They used to live a "gangster life". Now they solve food insecurity in Kenya slums

Matal, Kenya - Joseph Kariaga and his friends once lived a "gangster life" in the Mathare slum in Nairobi, snatching phone calls, robbing people and fighting police. But when Kariaga's brother was shot dead by police, the young man took a inventory.

"We said, 'We can't live like this. We will lose our lives.' Many of our friends are dead," Kariaga is now 27 years old. I reflect my life. ”

Now these people are farmers with social tasks. Nearly a dozen of them founded Bearerz in 2017 to keep youth away from crime and address food insecurity in one of Kenya’s poorest communities.

Despite the challenges, visual Bearerz has a modest but meaningful community impact, including feeding more than 150 children at lunch every week. Some residents praised the group and called men's role models.

Experts say such local organizations could be the future of aid in amid foreign funding cuts in the United States and others.

Vision Bearerz works on an urban farm hidden in muddy streets and corrugated metal houses that make up Mathare, one of the most populous slums in Africa. It is estimated that about 500,000 people live in communities less than two square kilometers.

According to the non-governmental organization CFK Africa, about 2 million people, or 60% of the Nairobi population, live in informal settlements, the organization runs health and poverty reduction programs in such communities and is familiar with Vision Bearerz’s work.

The group executive director Jeffrey Okoro said the lack of infrastructure is a major challenge for these communities, which are thriving in rapidly urbanization and thriving youth populations in sub-Saharan Africa.

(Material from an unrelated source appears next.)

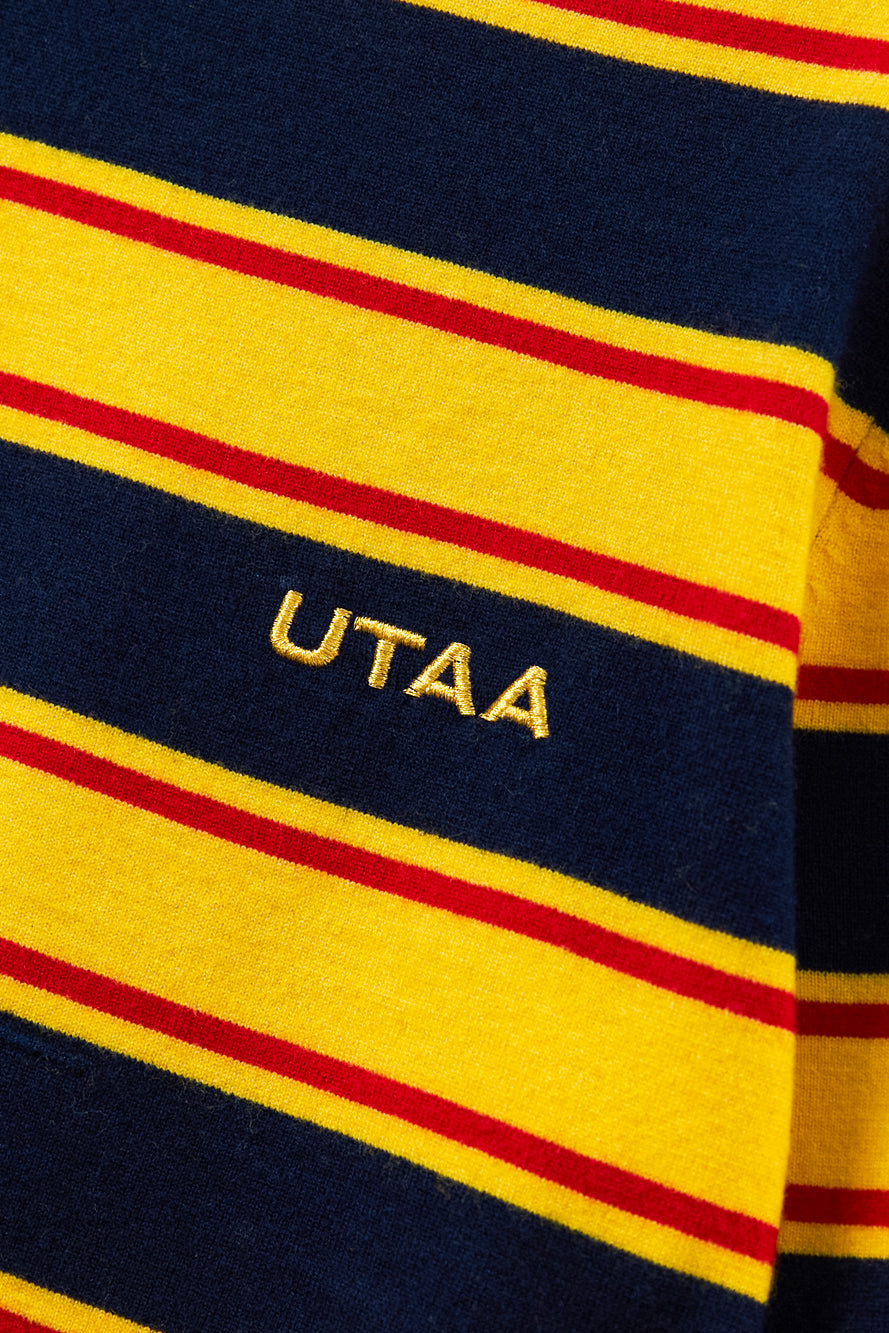 UTAA マルチストライプカシミヤブレンドニットプルオーバー ネイビー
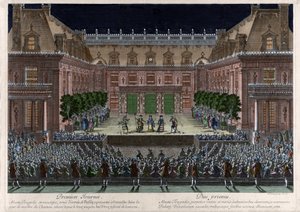 Reprezentace na mramorovém nádvoří zámku ve Versailles, d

Okoro added that poverty has put young people in crime.

“Most people in most slums are unable to earn enough to buy a decent meal, while children under the age of 5 are twice as nutritious as malnutrition,” he said. “One of the other major challenges affecting young people is gangs and hope for making money.”

Vision farmer Beards knows this very well.

"When you were born from this land, you didn't inherit much, so you had to do it yourself," said Ben Njoki, 28. "You have to use violence." ”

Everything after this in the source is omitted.